Tuesday, May 30, 2017
Personal Darkness in G-Minor
After all these years, I often feel like a particularly stubborn and finally well-trained dog. I take a certain stupid pride in being able to roll over, sit, and speak—like they all do, like they want me to—at last.
Would I tell a child: "you don't really want to be the weird little kid eating ants to gross out other kids and get attention. You will be unhappy when you are older." Because: am I certain the inverse is true? We learn our certainties on at least 7 billion different paths. And explaining the mathematics of probability is problematic.

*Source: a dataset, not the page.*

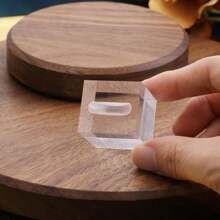 Acrylic Rings Display Stand For Ring Holder Jewellery Jewelry Organizer Stands Holders Set Case For Lady's Men's Rings Display - Multicolor - View 4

Correlative of Kant: the only knowledge I have is personal. This is somewhat misleading though, because the tautology of Being Me renders anything else nonsensical. I could just as easily say "All of my knowledge is personal because it occurs within this framework I call myself." Where does that get me? Back to Ada. Or I.
I put on a coat with too many sleeves. Perhaps it was tailored for an Indian deity. It also has too many shoulder pads, and odd pockets for things like a Concise Oxford English Dictionary and a Goldfish Bowl (which is full of water and leased to a fantail). I then blunder around in a dark room that I have let myself into by checking into El Hotel de espíritus perdidos. I despise myself for doing this. For accepting the darkness and the goldfish bowl as somehow necessary. But worse, I hate myself for finding a chair of some sort and just sitting in it waiting for all this profound darkness to go away when I know it won't because the darkness never goes away. It just waits with me.
Knowledge is a key. No, not that kind. The kind that describes the scales of experience. Time results from this: with each performance, the notes are necessarily different, even if the song remains the same.
In the end there is only Chopin's Nocturne 11 in G minor. For now, it is the only refuge I have from being human. And therefore, the only one I need.